CBI boss Carolyn Fairbairn has issued a warning against "crash-landing" into Brexit without planning or sufficient preparation.

Ahead of Theresa May's landmark address on tomorrow, Fairbairn has issued a last-ditch plea for a negotiated settlement with Europe, including provisions for transition.

"The practicalities of a disorderly crash-landing need to be understood," Fairbairn told the Guardian.

"An exit into [World Trade Organisation rules] at the stroke of midnight without the proper planning and preparation in place would be very serious for the UK economy," she said.

"There are some signs that there is more conversation around that being an outcome. Our job is to demonstrate how difficult that would be because of all these unanswered questions," she added.

Read More: Trump wants to seal a new trade deal with the UK "very quickly"

In making her speech tomorrow, May is expected to warn that the UK is prepared to quit both the Single Market and the European customs union.

Leading voices in the Square Mile have told City A.M. that the UK's financial services sector has been placated by recent comments from both chancellor Philip Hammond and Brexit secretary David Davis in support of transitional arrangements.

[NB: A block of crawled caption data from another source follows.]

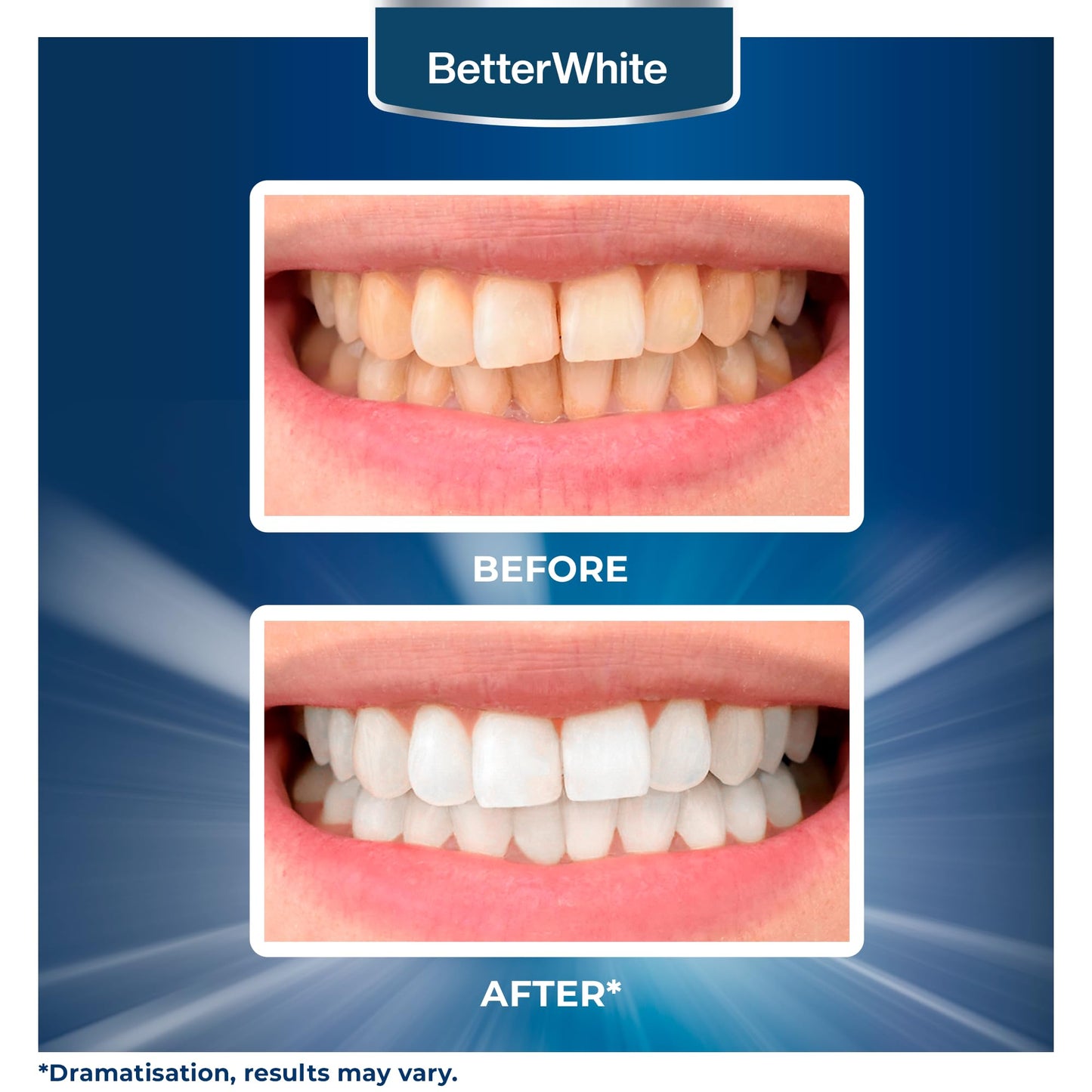 BetterWhite Professional Teeth Whitening Strips 21 Treatments - Enamel Safe - Non-Sensitive Formula - 42 Peroxide-Free Whitening Strips - Dentist Formulated Teeth Whitening Kit + Mouth Opener Included
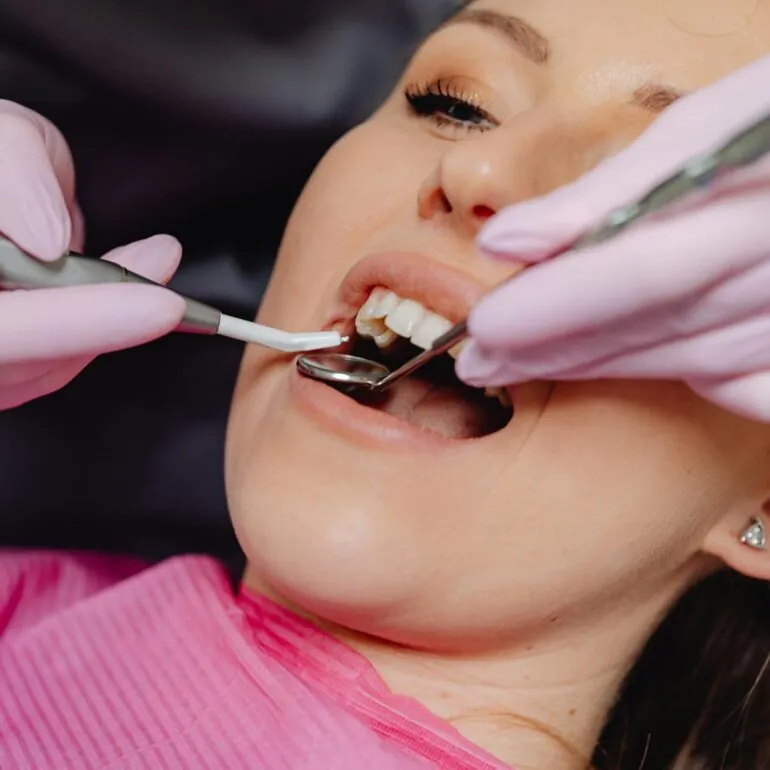 افضل دكتور تجميل اسنان في جدة 8 dental beauty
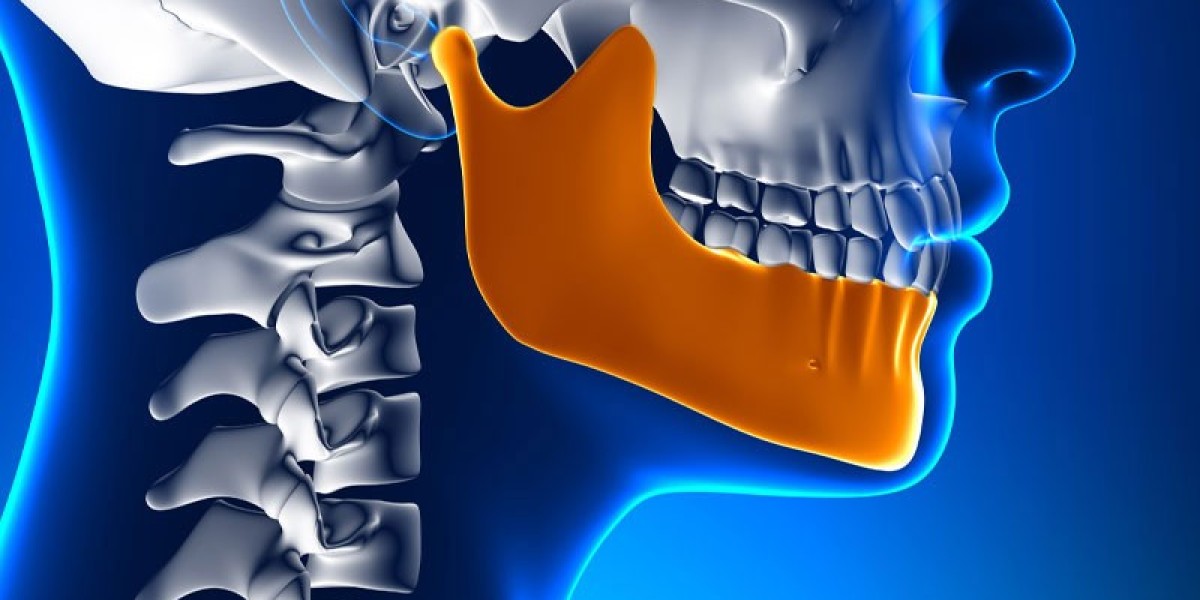 From Facial Symmetry to Function: The Regional Appeal of TMJ Implants (2024 Analysis)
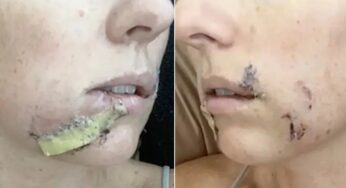 Mãe usa chinelo para afastar coiote e proteger filha de ataque no Arizona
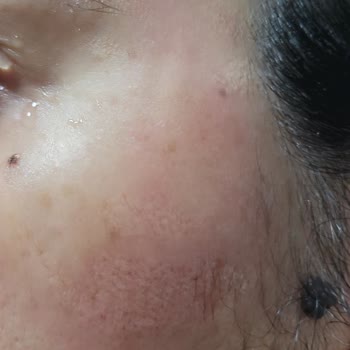 Sebamed Şampuanı Alerjik Reaksiyon Yaratırken Watsons İade Talebini Reddetti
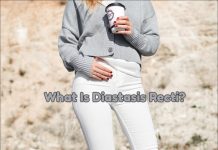 Diastasis Recti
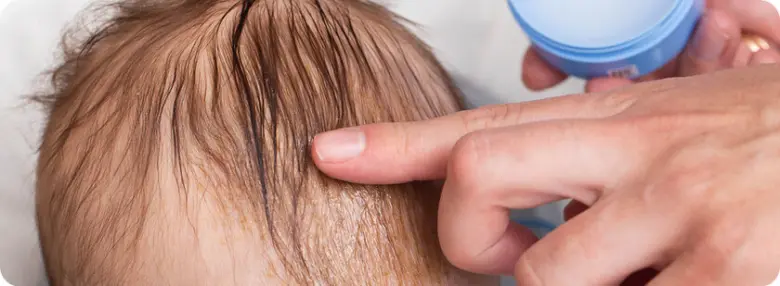 Babičce s seboroickou dermatitidou na hlavě ukazující krém.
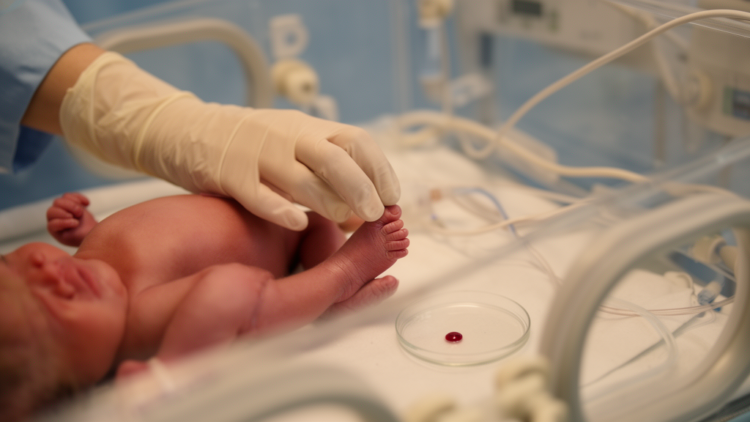 Blood Protein Fingerprints Could Reveal Hidden Sepsis in Preterm Babies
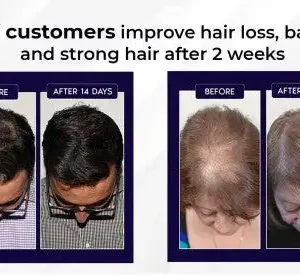 🔥(Last Day SAVE 60% OFF)LOVILDS Natural Hair Regrowth Spray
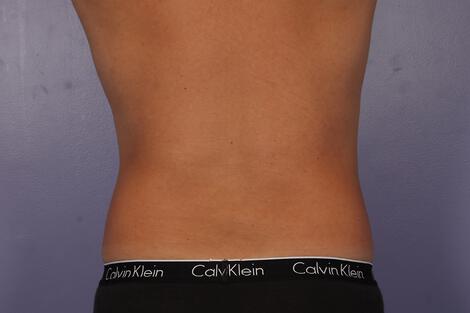 CoolSculpting Gallery Before & After Image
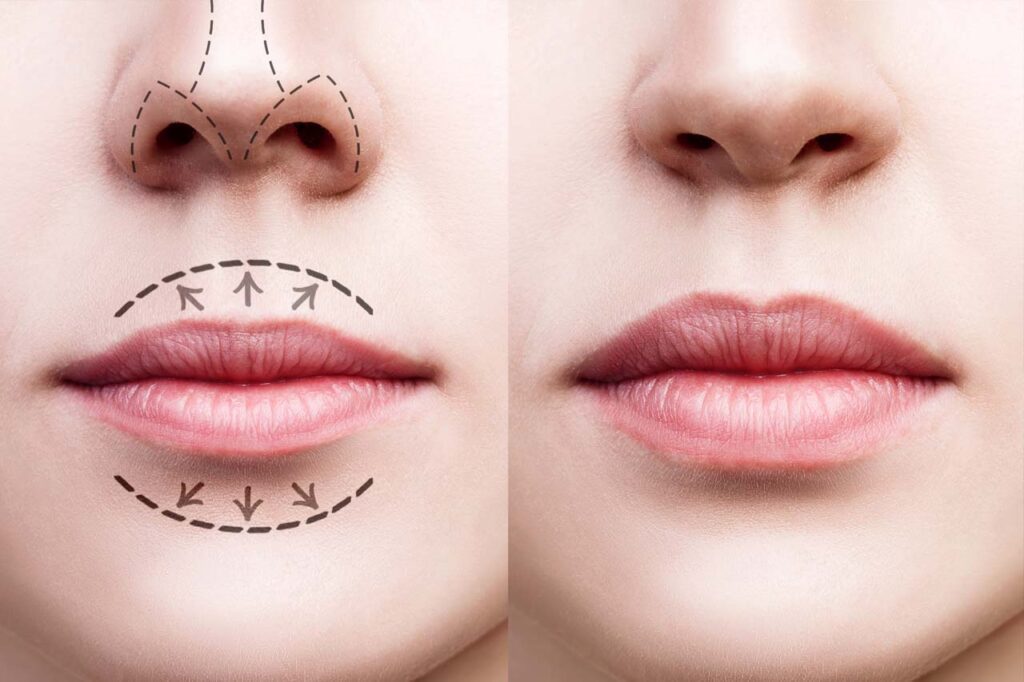 medicina estetica en Ibi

But Downing Street has yet to clarify whether it will publish information after May's speech to further illuminate the Prime Minister's Brexit plan, and Fairbairn said that many businesses are still awaiting answers.

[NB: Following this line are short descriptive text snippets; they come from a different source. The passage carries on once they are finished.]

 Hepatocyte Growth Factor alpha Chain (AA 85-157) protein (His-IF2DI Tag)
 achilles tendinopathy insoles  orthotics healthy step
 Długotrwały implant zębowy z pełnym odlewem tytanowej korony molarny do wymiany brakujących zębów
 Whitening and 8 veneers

Read More: Khan to draft industrial strategy for London

"The longer that we don't have answers to key questions like, 'what is the new immigration model going to be?' and 'what is the access to our main trading partner going to be like?' business will be forced to make assumptions and that is why clarity matters so much," she said.

"The next three to six months will be vital for that."

Theresa May is expected to trigger Article 50, which will begin negotiations, in March.